(Scraped caption text data)
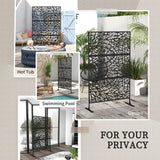 6.5FT Decorative Outdoor Divider, Metal Privacy Screen with Stand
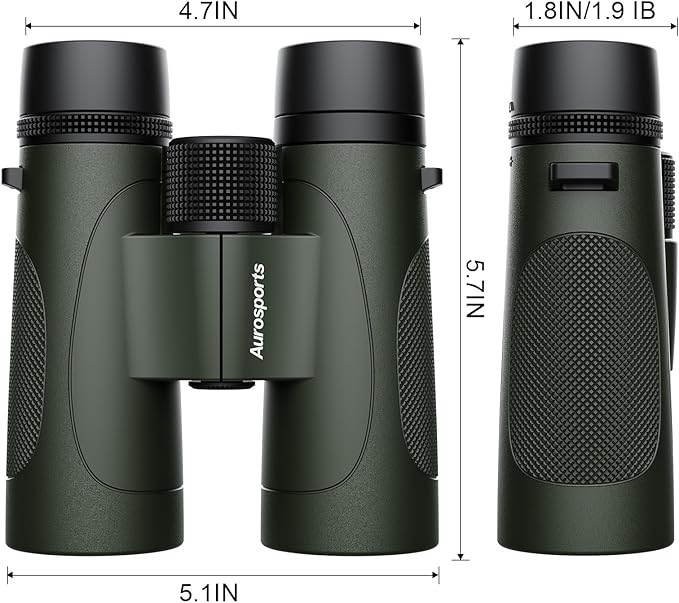 12x42 UHD Binoculars for Adults High Powered: Waterproof for Bird Watching - Large View, Lightweight, Fogproof Binoculars for Hunting Hiking Bird Watching Travel Cruise Green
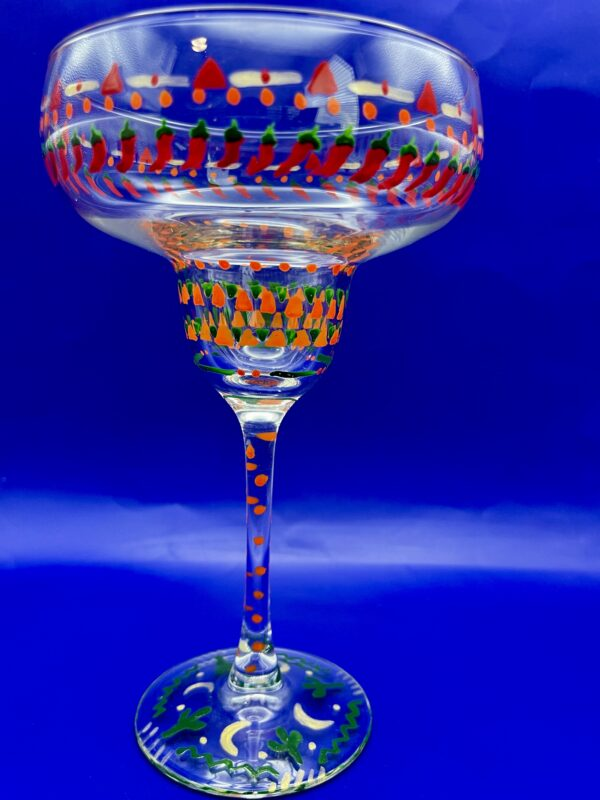 Elevate your fiesta vibes with the stunning Southwestern Chili Peppers Margarita Glass!  It’s the perfect #cupofmood and a work of art!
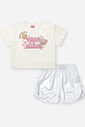 Conjunto Infantil Blusa Ursinho e Shorts Metalizado Branco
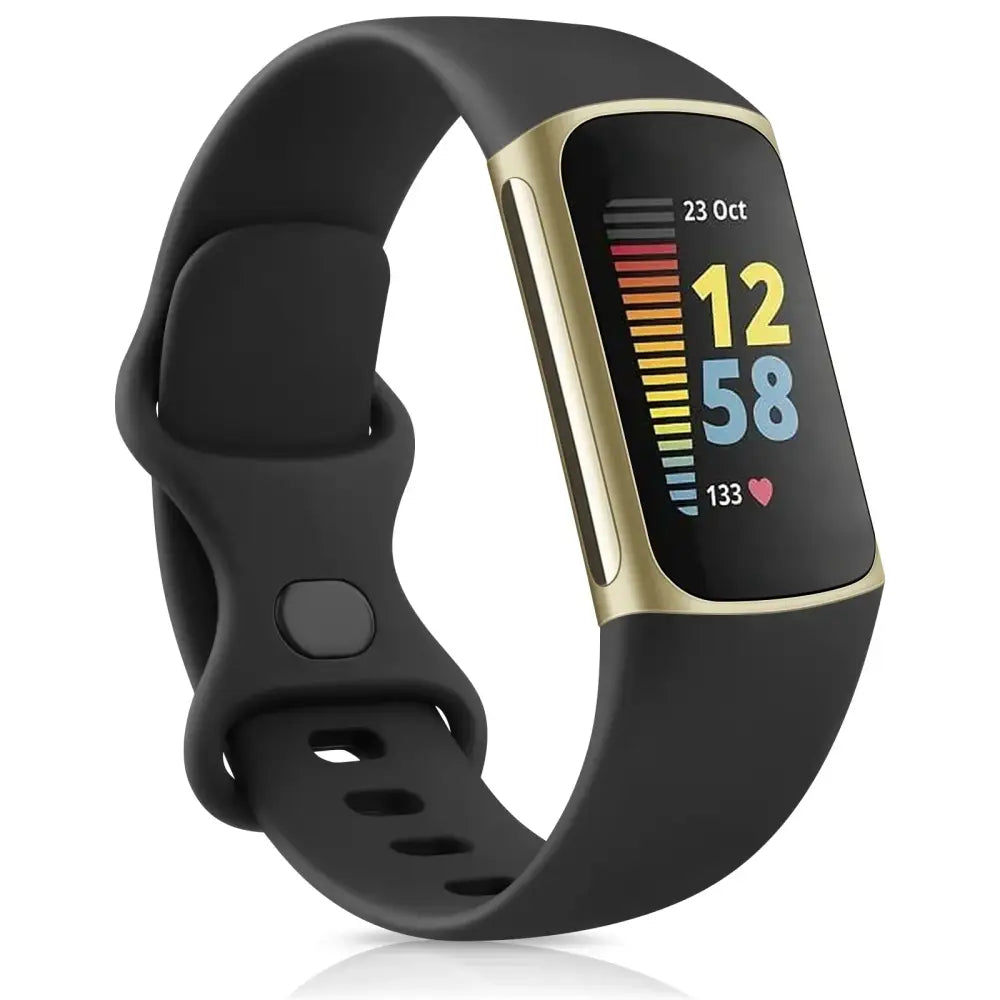 Silicone Sport Strap for the Fitbit Charge 5 Series (25 colours available) - Black / Small - TWS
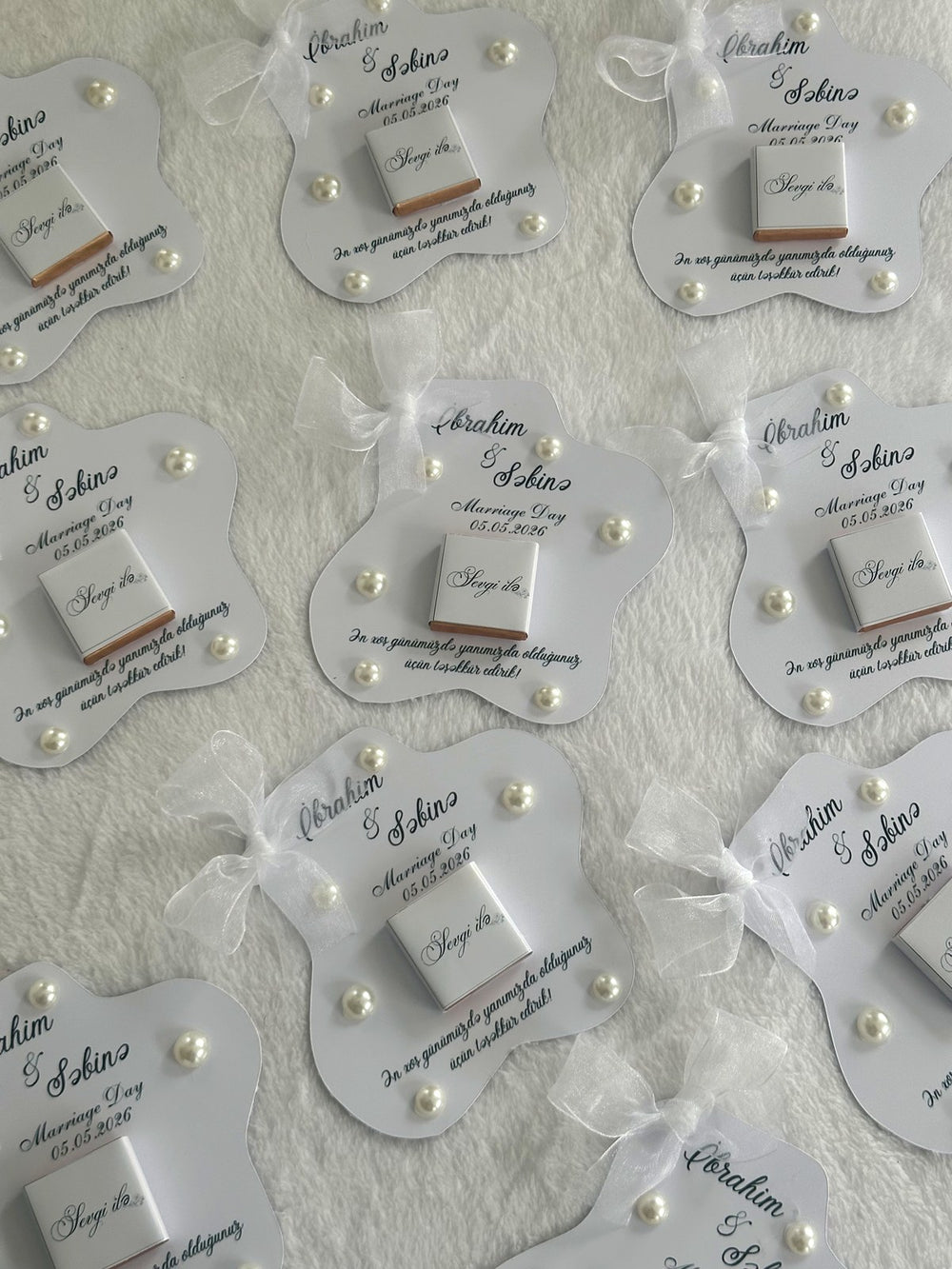 Pearl Wedding Favor Cards – Personalized Chocolate — Chocoodad Baku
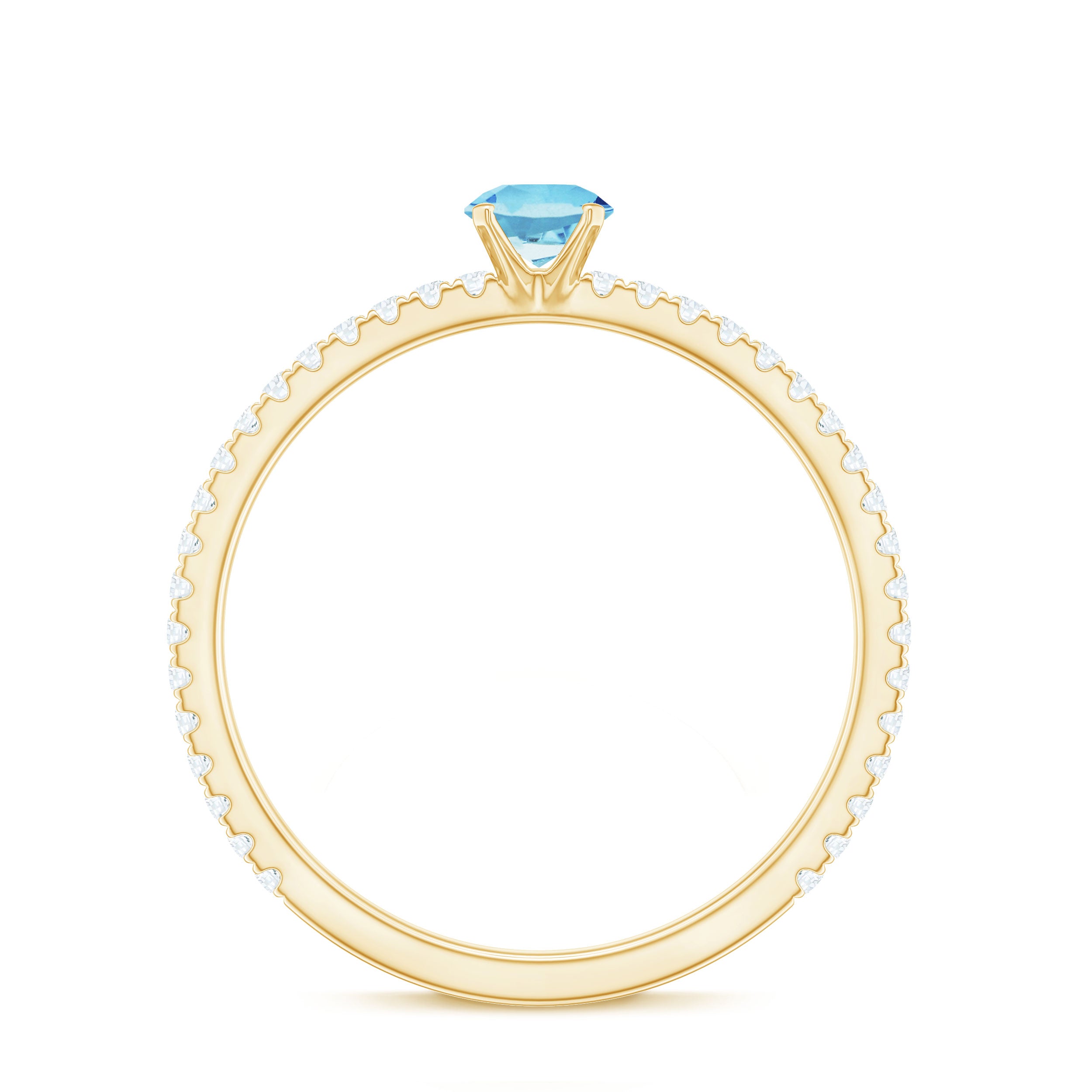 Aquamarine Dainty Solitaire Ring with French Pave Set Diamond Aquamarine - ( AAA ) - Quality - Rosec Jewels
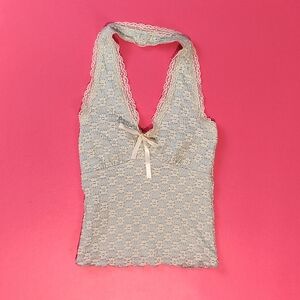 White Lace Halter Tank Top Coquette Girl Boho Embroidered Shirt XS Extra Small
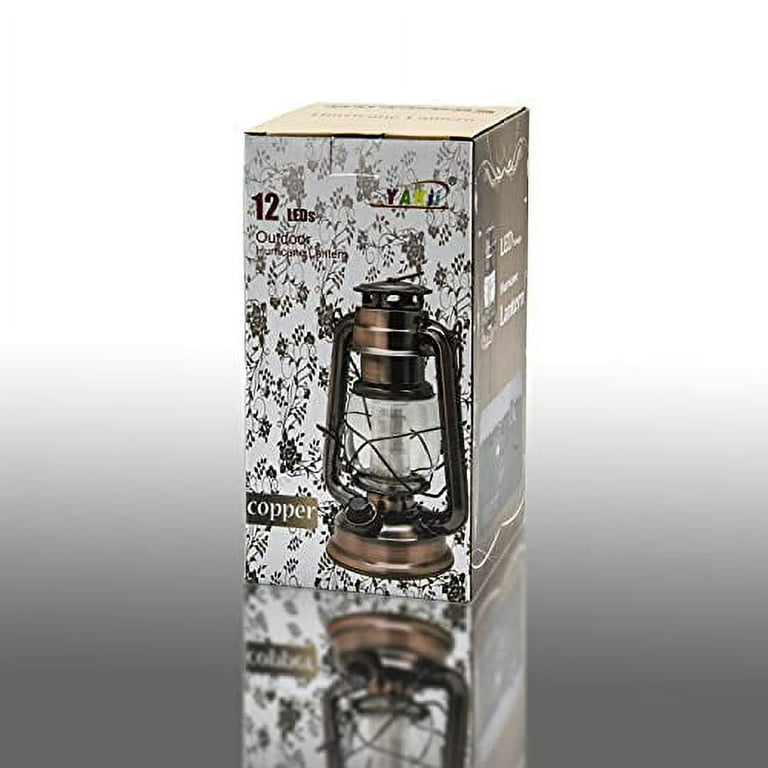 YAKii Vintage 12-LED Metal Lantern, Copper - Dimmer Switch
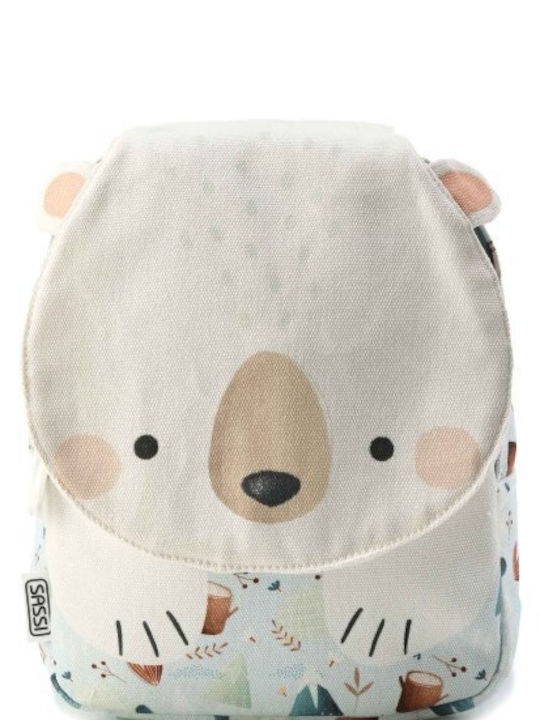 Sassi Junior Bear Bear Σχολική Τσάντα Πλάτης Νηπιαγωγείου Πολύχρωμη με Θήκη για Παγούρι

▶ _EXERCISE REQUIREMENTS_:
Please transcribe exactly the part of the records that opens with the line containing "Pearl Wedding Favor" and closes with the line containing "White Lace Halter", both ends included, and leave out the pictures.

▶ _FINISHED EXERCISE_:
 Pearl Wedding Favor Cards – Personalized Chocolate — Chocoodad Baku
 Aquamarine Dainty Solitaire Ring with French Pave Set Diamond Aquamarine - ( AAA ) - Quality - Rosec Jewels
 White Lace Halter Tank Top Coquette Girl Boho Embroidered Shirt XS Extra Small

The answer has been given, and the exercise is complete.